VideoLan, developers of the popular (and free) VLC video player, announced that their 2.0 version for OS X will have some exciting new features. It will use an interface similar to iTunes, have a full-screen mode in Lion, and if you have the right hardware, allow unprotected Blu-ray playback.
OS X has no built-in Blu-ray support—you can’t just connect a Blu-ray drive to your Mac and play movies on it. You have always been able to use a Blu-ray drive for data storage, and you can create a Blu-ray movie disc on a Mac, you just can’t play it back without using a different device. There have been other attempts at Blu-ray playback, but so far none have been reliable. Mac Blu-ray Player touts itself as “the first universal media player for Mac and PC in the world,” but reviews for it are anything but positive.

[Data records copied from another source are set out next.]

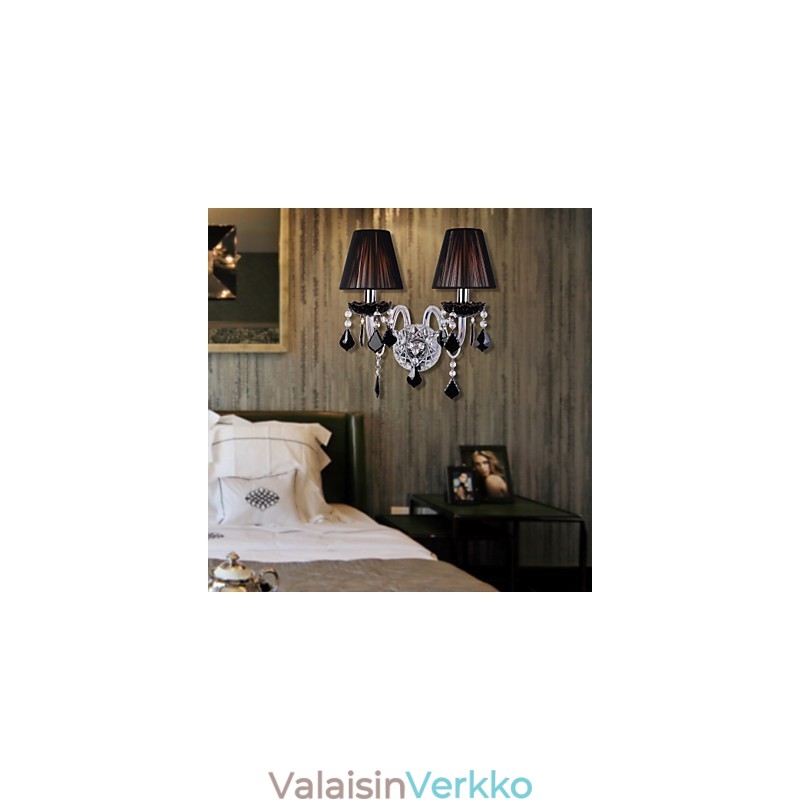 Kristalli seinävalaisin 2 valolla kangasvarjostimessa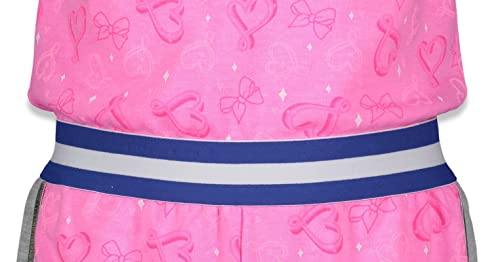JoJo Siwa Little Girls French Terry Romper Pink 6-6X - Thumbnail 5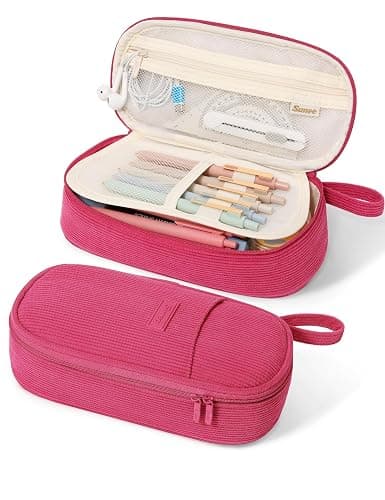 SUNEE Cute Pencil Case, Large Pencil Pouch, Soft Corduroy Fabric Big Pencil Bag with Zipper, Kawaii Pen Bag Stationery Storage and Organizer, School Supplies for Teen, Student, Boys, Girls, Berry Pink - Image 1
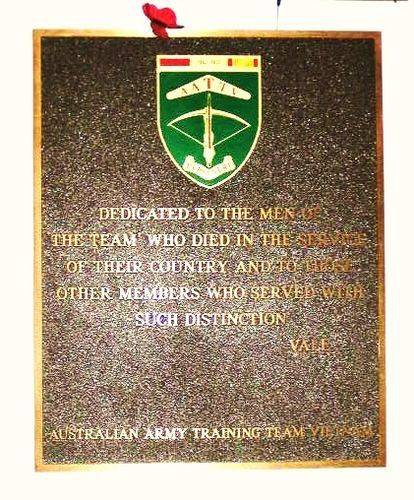 Australian Army Training Team Plaque Australian Army Training Team Plaque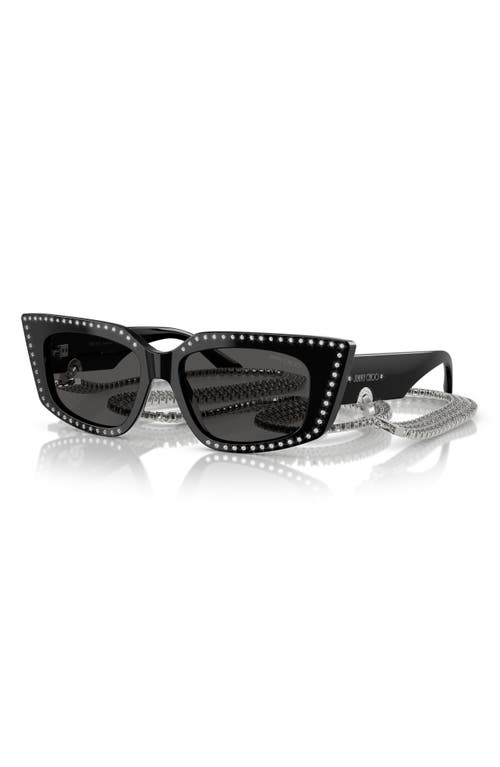 Jimmy Choo 52mm Cat Eye Sunglasses With Embellished Chain In Black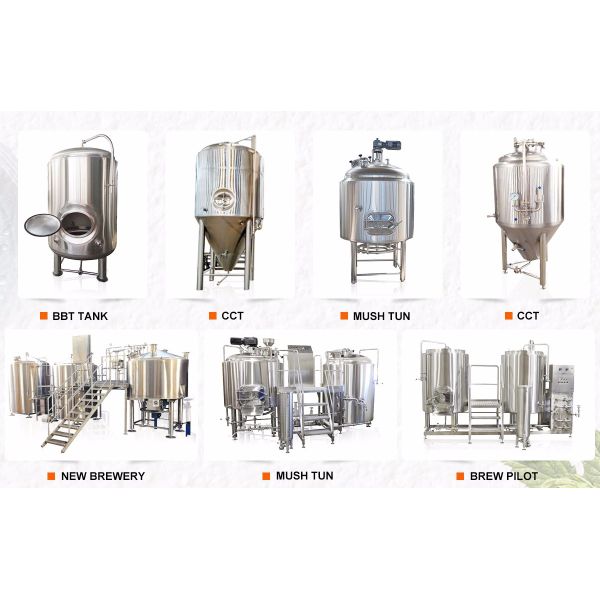 Sanitary 304 Stainless Steel 3 Kettle Brew System 50MM PU Instualtion CE Approved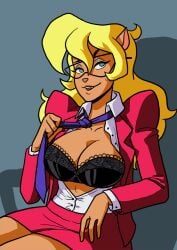 anthro bra business_suit callie_briggs dontfapgirl feline_humanoid female open_shirt solo swat_kats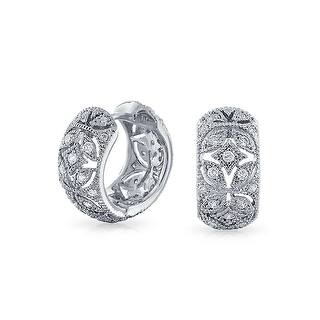Hoop Cubic Zirconia Earrings For Less Bling Jewelry Victorian Style Pave Cz Small Hoop Earrings Rhodium Plated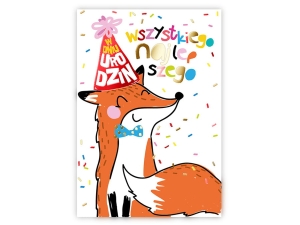 KARTKA URODZINOWA LISEK 16,5x12cm 1szt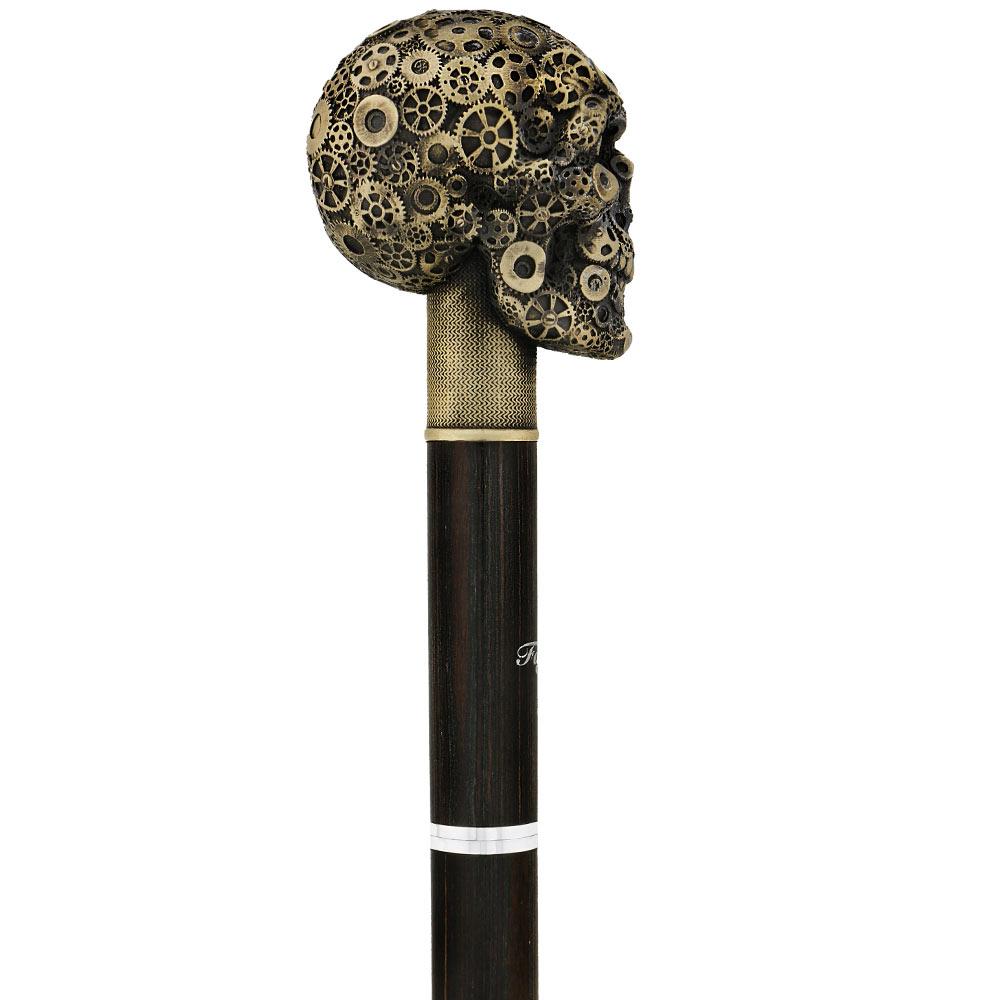Steampunk Gears & Sword Cane w/ Black Stamina Wood Shaft (Designed by 2 Saints in Paris)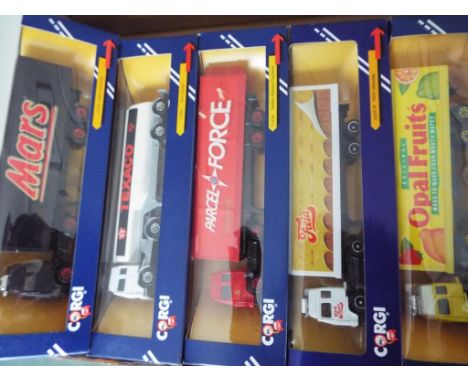 Corgi - five boxed Superhaulers, Mars, Opal Fruits, Royal Mail, Freia, Parcel Force, Texaco, all mint in mint window boxes - 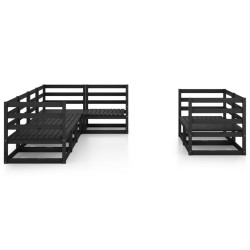 vidaXL 7-tlg. Garten-Lounge-Set Schwarz Massivholz Kiefer 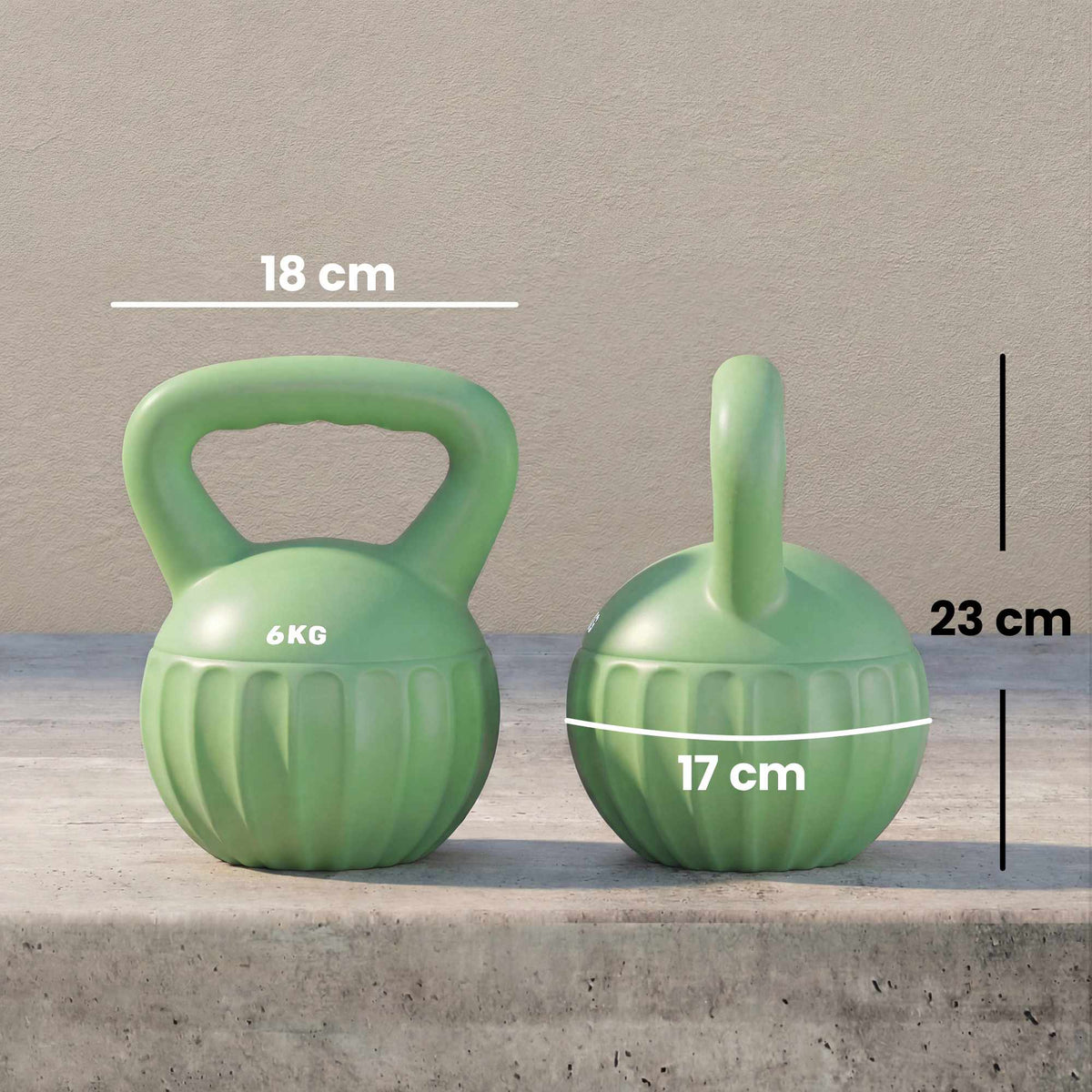 Kettlebell 6kg Sand-Filled, Non-Slip Grip, Green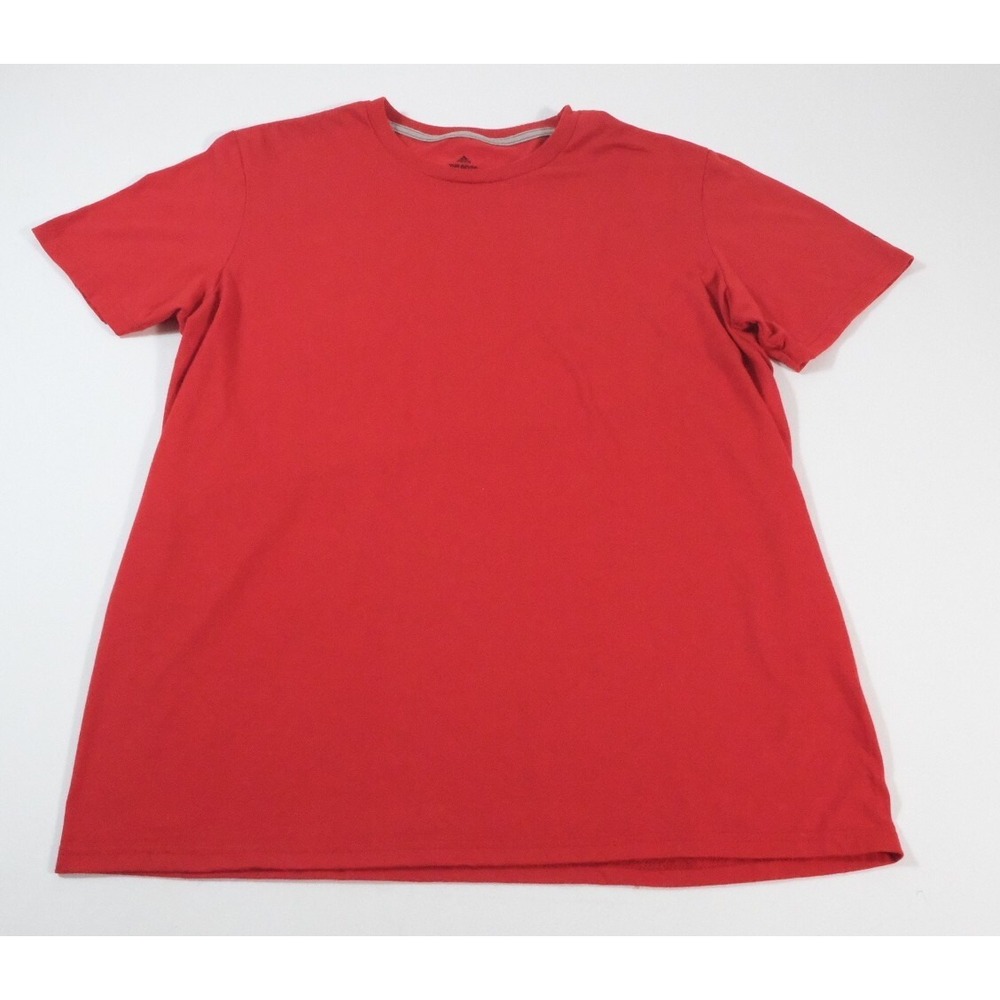 Adidas Shirt Mens Large Red The Go-To Performance Tee Short Sleeve Climalite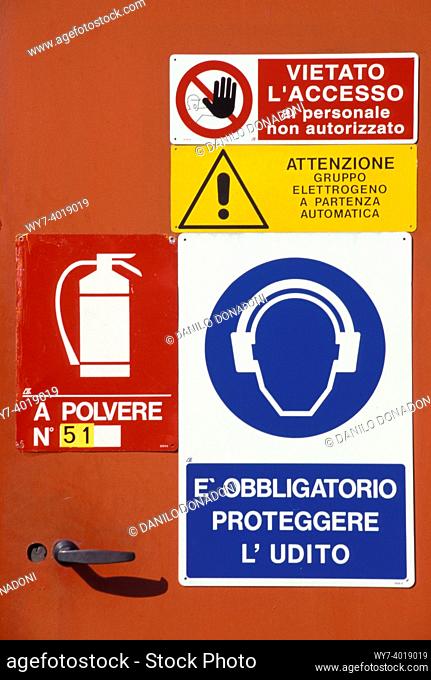 accident prevention signs, st. paolo d'argon, italy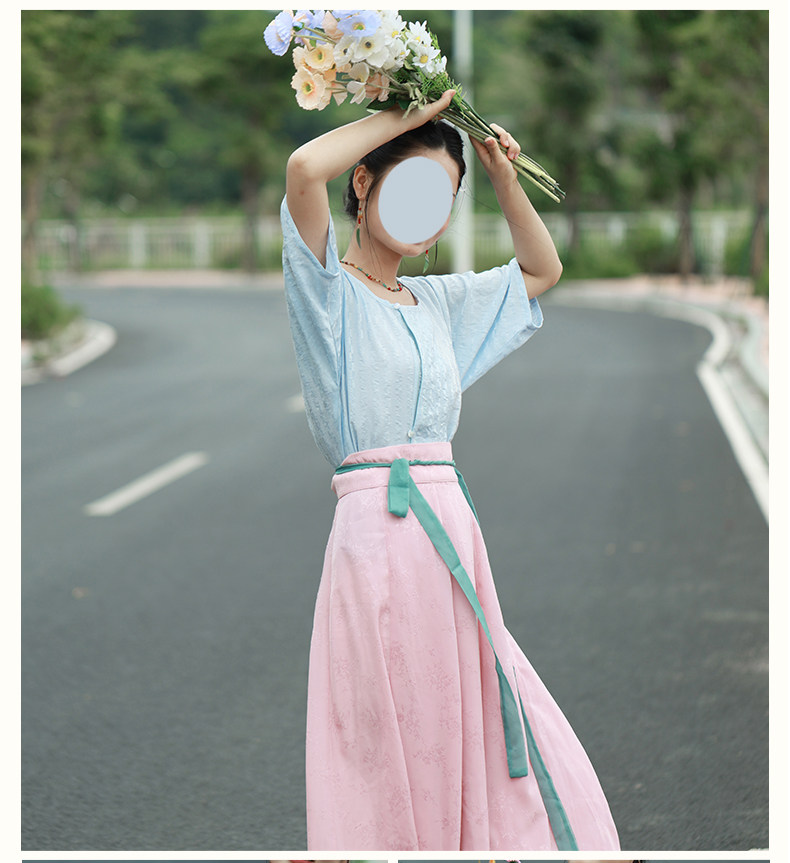 Китайцы одежда наборы 舒雅汉风|唐制圆领半袖衫唐褙子十破裙日常通勤汉服居家汉服蓝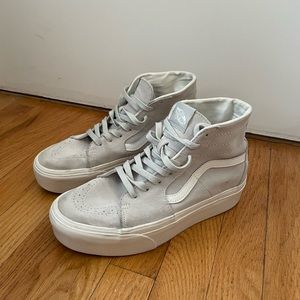 grey suede platform vans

VLC has been known for years as THE cross-platform player. No matter what you try to play, VLC “just works.” QuickTime, Windows Media, MKV, and even movies with subtitles are supported. Now they are adding Blu-ray support to the list, making it the complete solution.
Update! When this article was written, VLC was still in beta. Last Friday, VLC released version 2.0.0. Note that the Blu-ray support is listed as “experimental” (menus are currently disabled) but the basic support is there. Good news all around—it has better integration with Lion but still supports Leopard and PPC users.